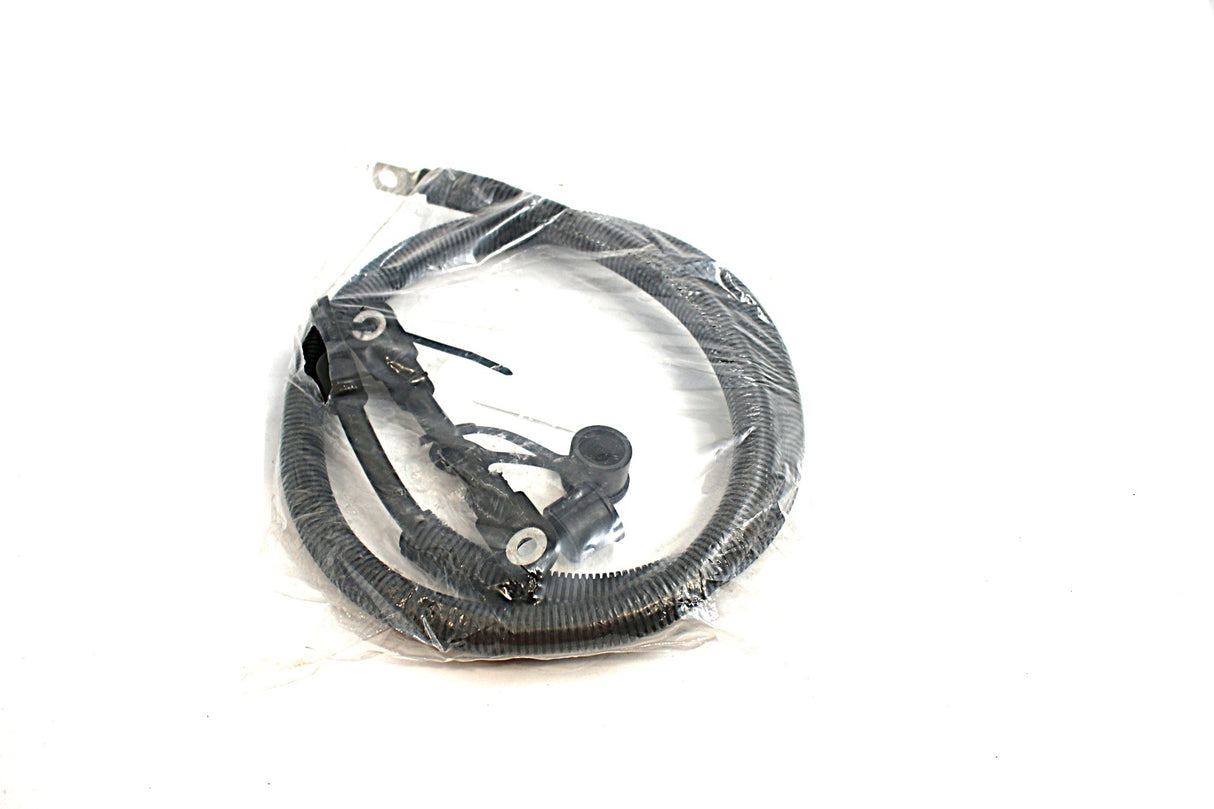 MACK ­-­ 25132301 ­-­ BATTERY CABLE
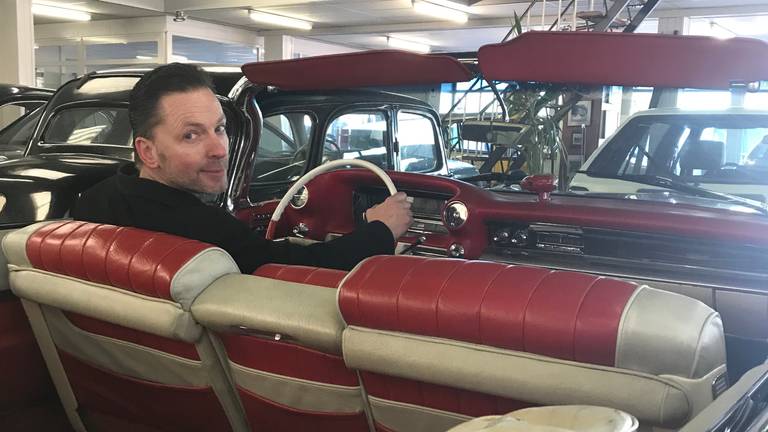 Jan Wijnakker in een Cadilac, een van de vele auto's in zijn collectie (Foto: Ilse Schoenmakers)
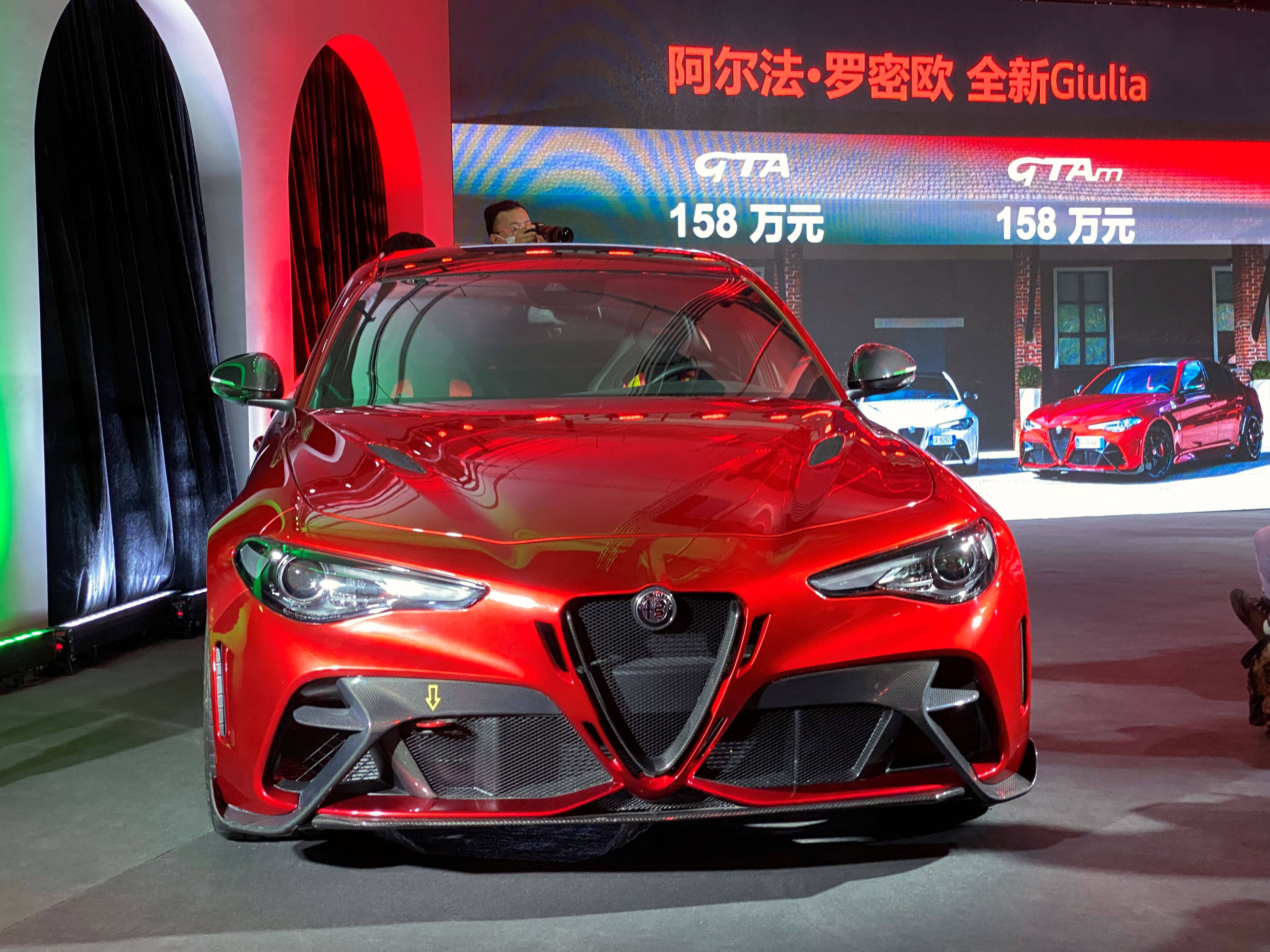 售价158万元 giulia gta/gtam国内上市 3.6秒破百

- - - -

*Directions*. Without the pictures, repeat every line of the material above exactly.

*Exercise response*.
 MACK ­-­ 25132301 ­-­ BATTERY CABLE
 Jan Wijnakker in een Cadilac, een van de vele auto's in zijn collectie (Foto: Ilse Schoenmakers)
 售价158万元 giulia gta/gtam国内上市 3.6秒破百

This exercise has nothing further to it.